The geopolitical stakes were sharpened further last week when China hosted Iranian Foreign Minister Abbas Arraghchi in Beijing — a meeting that U.S. officials viewed as a pointed signal of where Chinese sympathies lie. Meanwhile, Iran’s closure of the Strait of Hormuz in response to U.S.-Israeli military strikes has sent shockwaves through global energy markets, with Asian economies that depend heavily on Middle East imports bearing a disproportionate share of the economic pain.
Beyond Iran, Trump is expected to raise China’s ongoing material support for Russia, a subject that has strained U.S.-China relations throughout the broader arc of Eurasian conflict. Trade policy and access to rare earth minerals — resources in which China holds dominant global reserves — are also firmly on the table.
The composition of the U.S. delegation underscores the commercial dimension of the visit. Executives from Boeing and several major agricultural companies are travelling with the presidential party, reflecting American industry’s appetite for renewed market access in China even as the two governments spar over strategic issues.
On Taiwan, the administration moved to dampen expectations of any shift. A senior official stated flatly that no change to the U.S. position was anticipated. Washington maintains deep security and economic commitments to the island, while Beijing regards Taiwan as an inalienable part of its territory — a fundamental disagreement that no single summit is likely to resolve.

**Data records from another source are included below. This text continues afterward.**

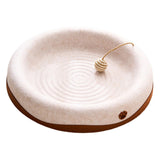 Maxbell Felt Material Cat Scratcher Bed Zero Shedding Versatile Breathable Play Zone White Round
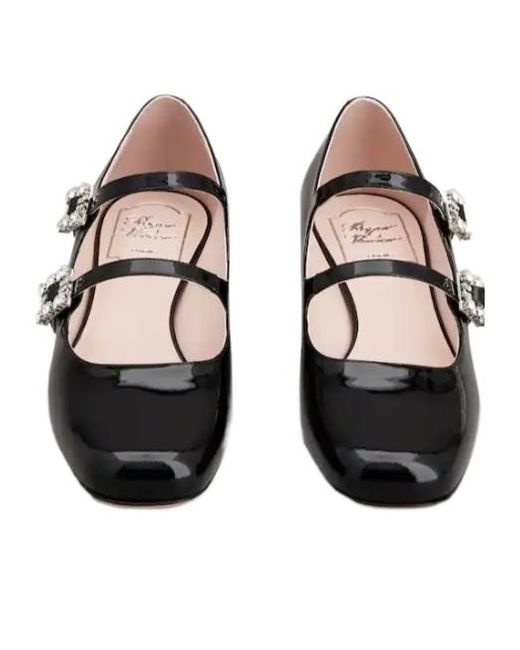 Roger Vivier Black Trés Vivier Strass Buckle Mini Babies Ballerinas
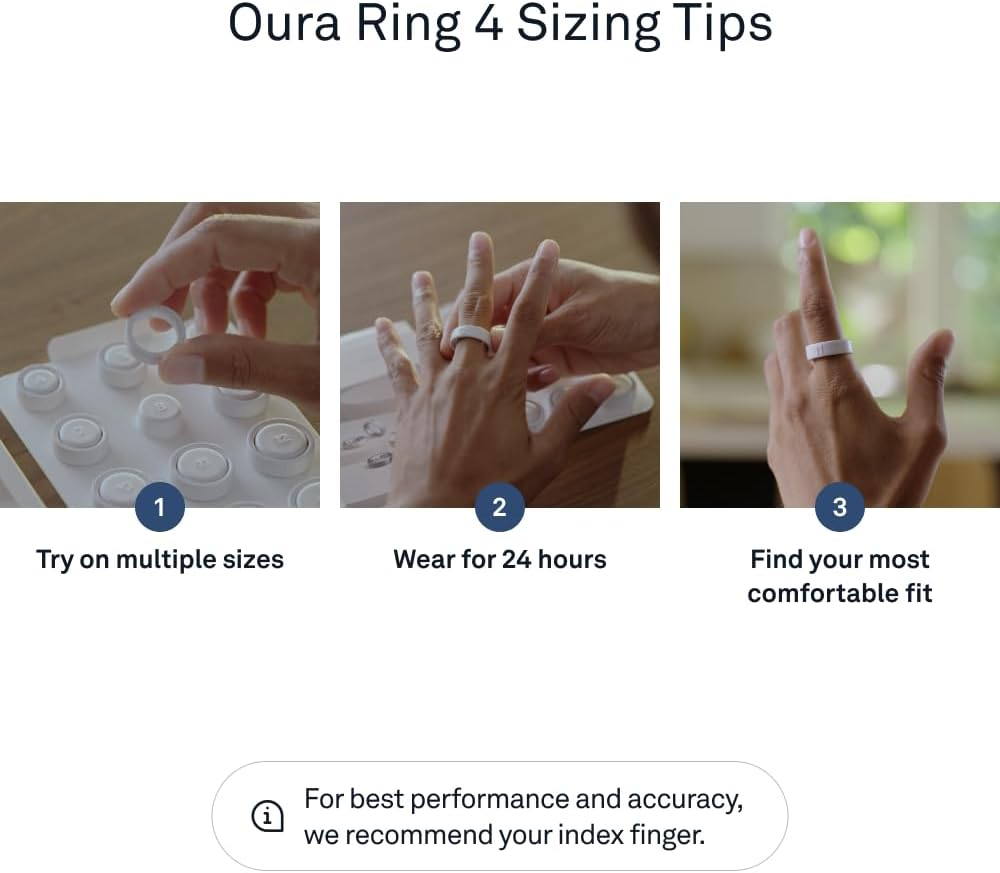 Oura Ring 4 - Stealth - Size 7 - Smart Ring - Unique Sizing, Not Standard US Ring Sizes - Size First - Sleep Tracking Wearable - Heart Rate - Fitness Tracker - up to 8 Days of Battery Life image number 7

Trump Beijing Summit: The Diplomatic Context
White House Principal Deputy Press Secretary Anna Kelly framed the broader purpose of the visit in terms of structural recalibration rather than transactional deal-making, describing it as carrying "tremendous symbolic significance" and focused on rebalancing the bilateral relationship with an emphasis on reciprocity, fairness, and restoring American economic independence.

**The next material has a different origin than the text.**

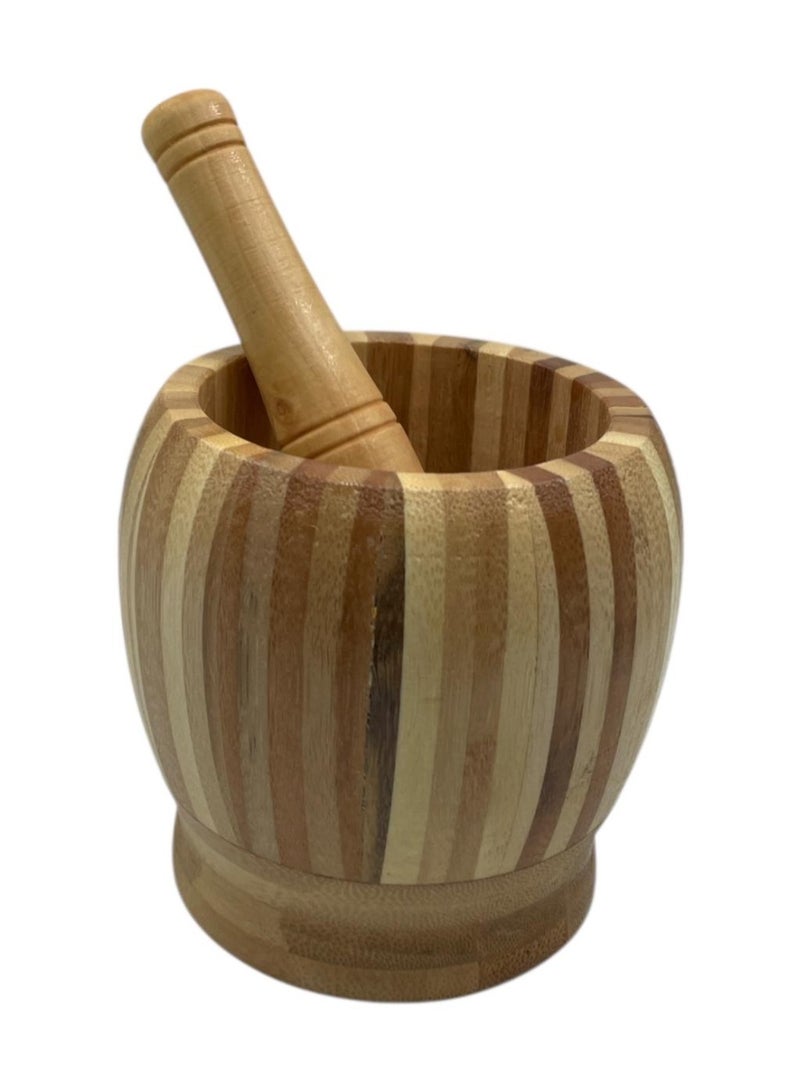 Beige bamboo mortar and pestle - Image 3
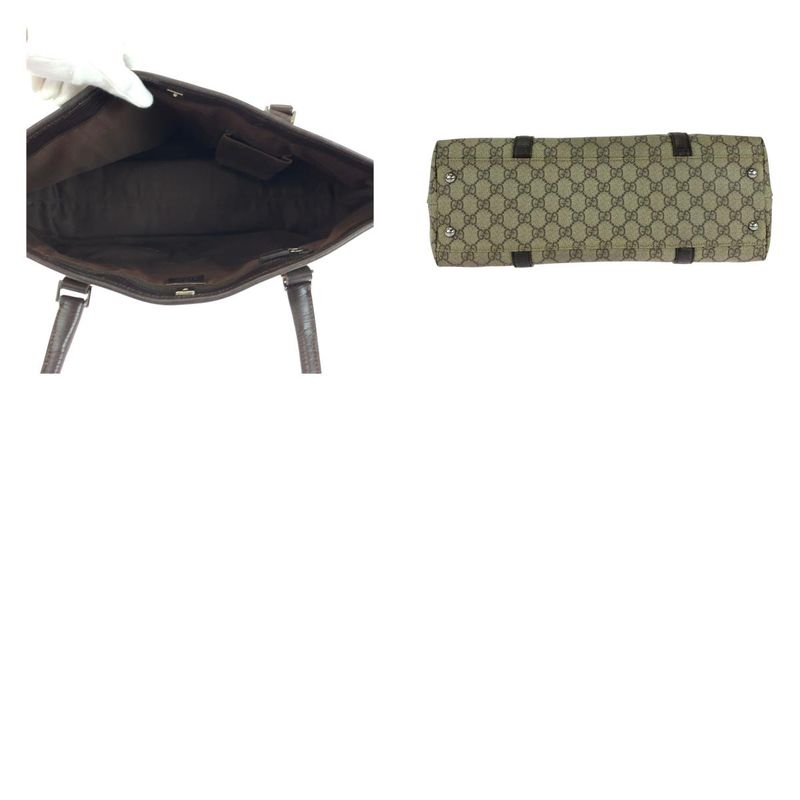 Gucci Beige Brown Silver Hardware GG Supreme Canvas 114595 Tote Bag Shoulder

The summit arrives at a moment when the architecture of the post-Cold War international order is under acute stress. The Iran conflict has disrupted energy flows, rattled financial markets, and forced governments across Asia to reassess supply chain dependencies. For Beijing, the visit offers an opportunity to demonstrate diplomatic centrality; for Washington, it is a chance to test whether economic leverage can translate into behavioural change from a rival that has shown little inclination to bend under pressure.
Whether the two leaders can move beyond managed disagreement toward any concrete convergence remains the defining question hanging over the Chinese capital as Air Force One prepares to land.